- [Task brief]: Please start at the first line of the records beneath and quote each line exactly, ending with the line containing "Maria no Danzai — Chapter 23, halaman 12".

Items from a dataset
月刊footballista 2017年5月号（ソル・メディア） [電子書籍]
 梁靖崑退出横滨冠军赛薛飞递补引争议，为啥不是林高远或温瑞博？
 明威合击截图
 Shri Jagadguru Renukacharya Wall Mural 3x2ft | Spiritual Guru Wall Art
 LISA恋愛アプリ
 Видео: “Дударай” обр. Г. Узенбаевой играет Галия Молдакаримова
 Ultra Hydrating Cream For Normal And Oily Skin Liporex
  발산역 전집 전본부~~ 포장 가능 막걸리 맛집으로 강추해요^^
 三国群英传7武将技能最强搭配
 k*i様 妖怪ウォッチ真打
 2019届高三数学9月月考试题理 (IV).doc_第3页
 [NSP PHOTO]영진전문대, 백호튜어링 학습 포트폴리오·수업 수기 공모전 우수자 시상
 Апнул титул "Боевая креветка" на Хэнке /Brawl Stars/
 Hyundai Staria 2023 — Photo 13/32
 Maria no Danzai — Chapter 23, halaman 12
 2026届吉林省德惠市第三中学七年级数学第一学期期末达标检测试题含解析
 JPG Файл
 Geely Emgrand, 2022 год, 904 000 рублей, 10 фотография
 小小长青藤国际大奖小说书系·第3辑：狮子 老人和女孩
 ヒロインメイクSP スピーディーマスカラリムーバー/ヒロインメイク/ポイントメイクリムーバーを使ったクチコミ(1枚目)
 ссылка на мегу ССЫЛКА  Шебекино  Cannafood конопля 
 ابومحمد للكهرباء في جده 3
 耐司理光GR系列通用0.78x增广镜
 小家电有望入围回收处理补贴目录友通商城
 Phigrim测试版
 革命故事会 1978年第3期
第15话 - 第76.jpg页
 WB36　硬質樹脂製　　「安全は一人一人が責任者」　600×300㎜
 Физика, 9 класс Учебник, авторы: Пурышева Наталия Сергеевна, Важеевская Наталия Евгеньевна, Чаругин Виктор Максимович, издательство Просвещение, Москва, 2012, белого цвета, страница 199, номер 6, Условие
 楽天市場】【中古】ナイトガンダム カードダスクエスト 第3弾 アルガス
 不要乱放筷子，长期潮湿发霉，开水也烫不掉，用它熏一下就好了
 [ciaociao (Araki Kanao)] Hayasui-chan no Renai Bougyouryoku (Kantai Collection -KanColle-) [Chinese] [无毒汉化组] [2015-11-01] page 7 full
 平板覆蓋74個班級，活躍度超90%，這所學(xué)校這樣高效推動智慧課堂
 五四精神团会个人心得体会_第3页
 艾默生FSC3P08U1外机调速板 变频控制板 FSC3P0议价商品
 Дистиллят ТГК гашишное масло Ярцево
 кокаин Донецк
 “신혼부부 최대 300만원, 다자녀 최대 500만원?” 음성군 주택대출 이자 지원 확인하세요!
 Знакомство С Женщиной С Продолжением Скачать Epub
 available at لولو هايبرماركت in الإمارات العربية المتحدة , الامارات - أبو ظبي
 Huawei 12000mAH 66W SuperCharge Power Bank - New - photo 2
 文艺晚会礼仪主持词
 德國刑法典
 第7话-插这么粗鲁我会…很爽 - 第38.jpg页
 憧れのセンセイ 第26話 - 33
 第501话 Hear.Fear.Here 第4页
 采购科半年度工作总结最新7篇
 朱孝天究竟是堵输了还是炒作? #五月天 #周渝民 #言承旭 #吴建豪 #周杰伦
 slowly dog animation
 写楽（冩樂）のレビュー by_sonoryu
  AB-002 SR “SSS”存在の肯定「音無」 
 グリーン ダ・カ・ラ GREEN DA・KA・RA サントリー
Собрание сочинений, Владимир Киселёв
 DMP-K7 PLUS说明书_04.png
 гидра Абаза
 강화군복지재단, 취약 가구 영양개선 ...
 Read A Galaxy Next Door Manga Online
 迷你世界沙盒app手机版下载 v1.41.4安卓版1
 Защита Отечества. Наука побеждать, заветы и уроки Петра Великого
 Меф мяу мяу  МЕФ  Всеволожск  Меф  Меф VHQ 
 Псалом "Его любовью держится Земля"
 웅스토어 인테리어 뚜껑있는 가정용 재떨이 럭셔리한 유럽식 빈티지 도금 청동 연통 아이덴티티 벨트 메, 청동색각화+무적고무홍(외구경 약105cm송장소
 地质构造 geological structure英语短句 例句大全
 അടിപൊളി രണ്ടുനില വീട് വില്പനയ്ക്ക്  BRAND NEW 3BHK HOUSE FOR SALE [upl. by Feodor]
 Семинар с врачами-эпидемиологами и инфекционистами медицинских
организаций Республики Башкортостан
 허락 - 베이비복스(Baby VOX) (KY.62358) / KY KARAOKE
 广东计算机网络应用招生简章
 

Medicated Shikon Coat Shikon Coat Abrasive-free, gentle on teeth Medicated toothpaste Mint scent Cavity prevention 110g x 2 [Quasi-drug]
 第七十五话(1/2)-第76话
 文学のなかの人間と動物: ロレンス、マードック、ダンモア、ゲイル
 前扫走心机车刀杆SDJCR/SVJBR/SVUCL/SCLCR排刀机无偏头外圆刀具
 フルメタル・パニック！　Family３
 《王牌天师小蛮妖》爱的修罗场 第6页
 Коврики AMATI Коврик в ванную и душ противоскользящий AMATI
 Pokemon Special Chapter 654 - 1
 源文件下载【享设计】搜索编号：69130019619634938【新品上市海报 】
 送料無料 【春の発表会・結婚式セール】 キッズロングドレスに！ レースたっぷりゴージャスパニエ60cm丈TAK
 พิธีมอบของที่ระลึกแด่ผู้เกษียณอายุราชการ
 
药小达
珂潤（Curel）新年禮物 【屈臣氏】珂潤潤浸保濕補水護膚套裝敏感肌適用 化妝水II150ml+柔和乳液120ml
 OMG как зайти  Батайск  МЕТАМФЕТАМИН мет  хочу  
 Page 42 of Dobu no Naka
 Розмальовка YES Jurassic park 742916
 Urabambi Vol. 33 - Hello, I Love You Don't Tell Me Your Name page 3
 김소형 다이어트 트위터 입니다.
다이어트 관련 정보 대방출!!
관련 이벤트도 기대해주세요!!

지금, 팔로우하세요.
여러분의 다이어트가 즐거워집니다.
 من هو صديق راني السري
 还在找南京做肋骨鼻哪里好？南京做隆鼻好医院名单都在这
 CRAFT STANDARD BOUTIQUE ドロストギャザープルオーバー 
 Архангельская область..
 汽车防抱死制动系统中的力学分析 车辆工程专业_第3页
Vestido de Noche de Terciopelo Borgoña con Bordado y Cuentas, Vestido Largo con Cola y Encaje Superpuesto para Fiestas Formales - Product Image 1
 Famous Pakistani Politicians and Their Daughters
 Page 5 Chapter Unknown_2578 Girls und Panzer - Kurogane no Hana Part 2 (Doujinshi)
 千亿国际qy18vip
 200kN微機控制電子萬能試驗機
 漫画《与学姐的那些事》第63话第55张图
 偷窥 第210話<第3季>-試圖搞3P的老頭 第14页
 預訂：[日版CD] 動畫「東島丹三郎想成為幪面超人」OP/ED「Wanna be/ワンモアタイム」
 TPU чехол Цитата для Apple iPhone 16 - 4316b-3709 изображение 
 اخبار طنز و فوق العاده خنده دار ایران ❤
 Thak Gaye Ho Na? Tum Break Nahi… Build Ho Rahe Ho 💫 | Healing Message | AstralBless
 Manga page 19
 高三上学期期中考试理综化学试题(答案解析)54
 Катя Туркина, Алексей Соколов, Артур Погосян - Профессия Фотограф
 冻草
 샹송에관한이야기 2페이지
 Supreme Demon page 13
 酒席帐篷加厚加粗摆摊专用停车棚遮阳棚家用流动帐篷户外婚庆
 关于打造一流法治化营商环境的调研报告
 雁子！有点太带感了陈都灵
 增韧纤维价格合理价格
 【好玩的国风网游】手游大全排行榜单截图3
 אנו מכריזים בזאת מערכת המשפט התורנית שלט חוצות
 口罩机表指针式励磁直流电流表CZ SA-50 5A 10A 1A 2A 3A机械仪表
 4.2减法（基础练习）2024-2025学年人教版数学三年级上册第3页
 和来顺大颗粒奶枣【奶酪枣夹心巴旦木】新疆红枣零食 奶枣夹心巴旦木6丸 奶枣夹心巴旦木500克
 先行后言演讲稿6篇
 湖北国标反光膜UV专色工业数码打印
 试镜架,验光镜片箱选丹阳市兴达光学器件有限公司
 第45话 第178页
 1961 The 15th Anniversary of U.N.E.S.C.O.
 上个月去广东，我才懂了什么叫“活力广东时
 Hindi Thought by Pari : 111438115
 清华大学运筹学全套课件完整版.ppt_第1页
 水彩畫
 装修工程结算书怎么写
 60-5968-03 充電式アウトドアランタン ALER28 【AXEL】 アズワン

- [Result]:
月刊footballista 2017年5月号（ソル・メディア） [電子書籍]
 梁靖崑退出横滨冠军赛薛飞递补引争议，为啥不是林高远或温瑞博？
 明威合击截图
 Shri Jagadguru Renukacharya Wall Mural 3x2ft | Spiritual Guru Wall Art
 LISA恋愛アプリ
 Видео: “Дударай” обр. Г. Узенбаевой играет Галия Молдакаримова
 Ultra Hydrating Cream For Normal And Oily Skin Liporex
  발산역 전집 전본부~~ 포장 가능 막걸리 맛집으로 강추해요^^
 三国群英传7武将技能最强搭配
 k*i様 妖怪ウォッチ真打
 2019届高三数学9月月考试题理 (IV).doc_第3页
 [NSP PHOTO]영진전문대, 백호튜어링 학습 포트폴리오·수업 수기 공모전 우수자 시상
 Апнул титул "Боевая креветка" на Хэнке /Brawl Stars/
 Hyundai Staria 2023 — Photo 13/32
 Maria no Danzai — Chapter 23, halaman 12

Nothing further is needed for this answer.